I was delighted to see that Ms Harjo will be at the festival. 

She is an inspiration to us native people and I'm sure that they more you learn about her and all her works you'll be more and more delighted.

It would be great if you could take some photos of the festival and Ms Harjo and post them here.

Eagle Poem

By Joy Harjo 
To pray you open your whole self
To sky, to earth, to sun, to moon
To one whole voice that is you.
And know there is more
That you can’t see, can’t hear;
Can’t know except in moments
Steadily growing, and in languages
That aren’t always sound but other
Circles of motion.
Like eagle that Sunday morning
Over Salt River. Circled in blue sky
In wind, swept our hearts clean
With sacred wings.
We see you, see ourselves and know
That we must take the utmost care
And kindness in all things.
Breathe in, knowing we are made of
All this, and breathe, knowing
We are truly blessed because we
Were born, and die soon within a
True circle of motion,
Like eagle rounding out the morning
Inside us.
We pray that it will be done
In beauty.
In beauty.

 
 
 
Perrie Halpern R.A.
9.1  Perrie Halpern R.A.  replied to  Kavika @9    7 months ago

What a beautiful poem. Inspirational and shares a big part of Indian culture. Just wonderful.  

 
 
 
Kavika
9.1.1  Kavika   replied to  Perrie Halpern R.A. @9.1    7 months ago
Inspirational and shares a big part of Indian culture.

Indeed it does. 

It will probably shock you that I do love poetry. Another favorite poet of my is Louise Erdrich

A winner of many awards and her last book, ''The Round House'' won numerous awards.

This particular poem will have great meaning to many Indians.

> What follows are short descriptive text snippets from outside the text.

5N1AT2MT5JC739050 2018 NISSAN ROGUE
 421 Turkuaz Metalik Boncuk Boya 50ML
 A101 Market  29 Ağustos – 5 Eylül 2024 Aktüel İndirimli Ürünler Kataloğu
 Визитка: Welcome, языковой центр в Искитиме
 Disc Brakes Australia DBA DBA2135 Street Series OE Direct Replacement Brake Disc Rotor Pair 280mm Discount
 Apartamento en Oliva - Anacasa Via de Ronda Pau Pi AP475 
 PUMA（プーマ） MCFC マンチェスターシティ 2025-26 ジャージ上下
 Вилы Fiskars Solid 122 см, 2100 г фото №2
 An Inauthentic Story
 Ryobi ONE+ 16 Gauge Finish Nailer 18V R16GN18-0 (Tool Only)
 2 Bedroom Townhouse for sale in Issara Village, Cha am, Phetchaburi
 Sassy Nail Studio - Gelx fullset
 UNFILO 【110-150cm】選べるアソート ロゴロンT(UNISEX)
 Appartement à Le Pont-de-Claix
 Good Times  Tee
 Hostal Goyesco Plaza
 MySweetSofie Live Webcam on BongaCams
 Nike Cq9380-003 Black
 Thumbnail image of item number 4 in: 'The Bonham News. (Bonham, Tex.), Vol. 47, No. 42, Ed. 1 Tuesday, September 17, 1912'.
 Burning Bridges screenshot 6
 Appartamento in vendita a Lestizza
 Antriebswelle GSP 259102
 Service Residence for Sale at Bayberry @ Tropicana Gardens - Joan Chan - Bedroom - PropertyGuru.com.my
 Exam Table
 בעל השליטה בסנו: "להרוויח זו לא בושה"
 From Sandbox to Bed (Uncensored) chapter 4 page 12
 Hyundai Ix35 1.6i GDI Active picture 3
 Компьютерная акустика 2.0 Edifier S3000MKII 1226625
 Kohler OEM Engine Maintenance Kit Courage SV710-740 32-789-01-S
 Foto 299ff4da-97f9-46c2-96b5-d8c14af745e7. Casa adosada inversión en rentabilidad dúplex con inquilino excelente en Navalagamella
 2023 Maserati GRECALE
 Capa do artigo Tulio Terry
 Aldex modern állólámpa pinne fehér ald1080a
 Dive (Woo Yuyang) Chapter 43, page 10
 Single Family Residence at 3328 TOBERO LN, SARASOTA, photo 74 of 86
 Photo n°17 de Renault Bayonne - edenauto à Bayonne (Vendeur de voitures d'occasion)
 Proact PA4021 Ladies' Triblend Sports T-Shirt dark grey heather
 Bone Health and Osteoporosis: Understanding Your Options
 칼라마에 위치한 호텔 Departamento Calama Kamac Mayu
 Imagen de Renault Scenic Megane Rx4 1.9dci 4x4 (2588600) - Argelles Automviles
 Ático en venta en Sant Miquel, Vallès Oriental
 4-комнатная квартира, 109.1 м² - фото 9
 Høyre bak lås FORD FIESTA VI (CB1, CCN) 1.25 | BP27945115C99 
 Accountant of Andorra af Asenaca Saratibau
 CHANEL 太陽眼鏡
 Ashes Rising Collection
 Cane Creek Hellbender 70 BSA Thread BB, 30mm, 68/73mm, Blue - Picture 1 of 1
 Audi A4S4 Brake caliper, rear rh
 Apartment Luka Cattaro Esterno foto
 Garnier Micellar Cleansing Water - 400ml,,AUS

Indian Boarding School: The Runaways - Poem by Louise Erdrich

Home’s the place we head for in our sleep. 
Boxcars stumbling north in dreams
don’t wait for us. We catch them on the run. 
The rails, old lacerations that we love, 
shoot parallel across the face and break 
just under Turtle Mountains. Riding scars
you can’t get lost. Home is the place they cross.

The lame guard strikes a match and makes the dark 
less tolerant. We watch through cracks in boards 
as the land starts rolling, rolling till it hurts 
to be here, cold in regulation clothes.
We know the sheriff’s waiting at midrun
to take us back. His car is dumb and warm.
The highway doesn’t rock, it only hums
like a wing of long insults. The worn-down welts 
of ancient punishments lead back and forth.

All runaways wear dresses, long green ones,
the color you would think shame was. We scrub 
the sidewalks down because it's shameful work. 
Our brushes cut the stone in watered arcs 
and in the soak frail outlines shiver clear
a moment, things us kids pressed on the dark 
face before it hardened, pale, remembering
delicate old injuries, the spines of names and leaves.

 
 
 
Buzz of the Orient
9.1.2  Buzz of the Orient  replied to  Kavika @9.1.1    7 months ago

A poetic description of boarding school - now here is a visual one, a drawing by Alanis Obomsawin, of the Abanake Tribe.

800

 
 
 
Perrie Halpern R.A.
9.1.3  Perrie Halpern R.A.  replied to  Kavika @9.1.1    7 months ago

Hearbreaking poem, but beautifully told. Thank you for sharing this. 

 
 
 
Raven Wing
9.2  Raven Wing  replied to  Kavika @9    7 months ago

A truly awesome poem. It spurs a lot of thought as well.